David Bowie – Diamond Dogs
Your new album Greener Pasture Blues is out next week. When and where did you write and record it?
We actually started writing a few of the songs more than a decade ago, back when we were all living in Portland, but most of them took shape over the past year. We all live in different cities these days, so we made a couple of trips out to Philly where our drummer Dylan has a studio, and we demoed about a dozen songs there. We worked with producer Alex Newport to refine the 7 that felt like they fit together and told a story, then recorded these over the course of two weeks this summer at his studio in Joshua Tree.
I read that you had started writing your first single “Darling Come Home” over 15 years ago. Why was this album the right record for its release and how different does it sound from the original you worked on?
Yeah, we wrote Darling back in our touring days – it was even a staple of our live set, but didn’t fit the sound of the record we were working on at the time, so we shelved it and then kind of forgot about it. I think this new album was the right home for it because the song is about the struggle to be present, which is a theme that runs throughout Greener Pasture Blues. We changed the key and wrote a new bridge, but aside from that, it really hasn’t changed too much.
If you could only listen to one record, what would it be?
Death Cab for Cutie – Transatlanticism
You released a lot of music between 2007 and 2010 and then nothing until 2020’s Field Memory. What happened during that time?
It sounds cliché, but life happened. I think we were all feeling a little burned out after three years of touring, and we just needed to experience other things. In that time, we each found our own path – studying, moving around, exploring other creative outlets, starting families – and we each sort of came back to this music at the same time. I think we needed some time away to rediscover our appreciation for the project, and for each other.
You got to perform on Jimmy Kimmel Live in 2009 after winning a contest which also got you a feature in SPIN magazine. Were you able to enjoy the experience and what would you do differently if you had the chance?
Our 15 minutes of fame, hehe. We’d made a video for our song “You’re Everyone I Know Right Now” and entered it into this virtual battle of the bands to play on Kimmel, but I don’t think we ever really thought it would be us on that stage. The whole thing was pretty surreal, but it was a lot of fun.
How and where did the band meet and did you bond over any common musical heroes?

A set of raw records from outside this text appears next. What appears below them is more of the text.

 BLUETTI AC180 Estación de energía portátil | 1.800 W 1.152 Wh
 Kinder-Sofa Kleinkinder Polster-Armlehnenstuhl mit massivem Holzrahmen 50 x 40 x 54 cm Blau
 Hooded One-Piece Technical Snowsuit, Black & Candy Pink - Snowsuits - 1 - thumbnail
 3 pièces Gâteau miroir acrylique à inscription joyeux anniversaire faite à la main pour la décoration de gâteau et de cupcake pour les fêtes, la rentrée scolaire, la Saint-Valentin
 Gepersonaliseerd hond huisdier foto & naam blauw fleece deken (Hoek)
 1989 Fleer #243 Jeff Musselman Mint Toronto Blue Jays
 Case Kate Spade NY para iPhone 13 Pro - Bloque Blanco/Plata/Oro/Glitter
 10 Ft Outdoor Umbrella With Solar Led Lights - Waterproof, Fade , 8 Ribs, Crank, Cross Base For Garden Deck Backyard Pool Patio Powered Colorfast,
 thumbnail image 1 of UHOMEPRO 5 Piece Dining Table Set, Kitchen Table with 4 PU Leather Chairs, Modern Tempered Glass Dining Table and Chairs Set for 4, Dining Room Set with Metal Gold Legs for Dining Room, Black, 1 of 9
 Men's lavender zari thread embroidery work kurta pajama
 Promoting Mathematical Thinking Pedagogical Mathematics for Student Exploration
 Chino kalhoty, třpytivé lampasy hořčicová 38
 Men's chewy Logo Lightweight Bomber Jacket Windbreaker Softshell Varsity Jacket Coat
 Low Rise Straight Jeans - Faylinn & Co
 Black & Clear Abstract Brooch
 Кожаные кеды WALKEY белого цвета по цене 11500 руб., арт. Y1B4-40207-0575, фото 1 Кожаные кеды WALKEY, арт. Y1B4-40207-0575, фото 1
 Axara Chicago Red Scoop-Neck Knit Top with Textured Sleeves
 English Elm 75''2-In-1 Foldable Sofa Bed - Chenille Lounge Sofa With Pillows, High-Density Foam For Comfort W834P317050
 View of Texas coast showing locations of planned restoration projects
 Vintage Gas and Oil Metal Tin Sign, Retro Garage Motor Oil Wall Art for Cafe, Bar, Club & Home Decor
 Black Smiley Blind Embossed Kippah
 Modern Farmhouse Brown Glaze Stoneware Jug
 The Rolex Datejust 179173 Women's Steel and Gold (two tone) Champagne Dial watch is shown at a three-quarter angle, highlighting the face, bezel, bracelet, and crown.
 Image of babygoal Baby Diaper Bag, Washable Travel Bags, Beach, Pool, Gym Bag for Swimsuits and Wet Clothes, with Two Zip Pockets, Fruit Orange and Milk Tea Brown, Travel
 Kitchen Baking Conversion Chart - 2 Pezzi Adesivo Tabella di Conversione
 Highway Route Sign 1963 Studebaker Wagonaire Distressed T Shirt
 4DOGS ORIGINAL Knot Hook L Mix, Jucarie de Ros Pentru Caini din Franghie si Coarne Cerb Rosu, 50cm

We all grew up in Anchorage, Alaska, so a few of us met in elementary school, but it was really the local music scene that brought us together – in our teens we all played in different, alternative and metal bands, so our musical heroes were artists like the Deftones (who I still rock every once in a while).
What would go on your signature pizza and what would it be called?
This was the subject of some debate – when we were recording the album, probably the biggest disagreement we had was not a creative one, but what kind of pizza we wanted to order. That said, our pie would be called the Hawaiian Crunch: half ham and pineapple, half mozz and popcorn with smoked paprika and a buttery drizzle.
What do you have planned for 2024?
We’re already working on the next batch of songs, so in the short term the plan is to get back out to Philly for another round of demos. We’ve talked about trying to play some shows, but that gets tricky with us all being so spread out. I feel like we’re in a good creative flow though, so I just want to keep that going.
The band are made up of Daniel Hall (vocals), Ari Katcher (guitar), Dylan Mandel (drums/percussion), Andrew Totemoff (bass) and Jason Wahto (keys/programming). Since forming in 2007, The Lives of Famous Men has collaborated with producers including James Paul Wisner (Paramore), Casey Bates (Portugal. The Man), and Paul Q Kolderie (Radiohead). Their single Annie Taylor became an unexpected club hit when it was remixed by The Angry Kids, and their song Orchids has been a fan favorite ever since it featured prominently in Jennette McCurdy’s short film Strong Independent Women.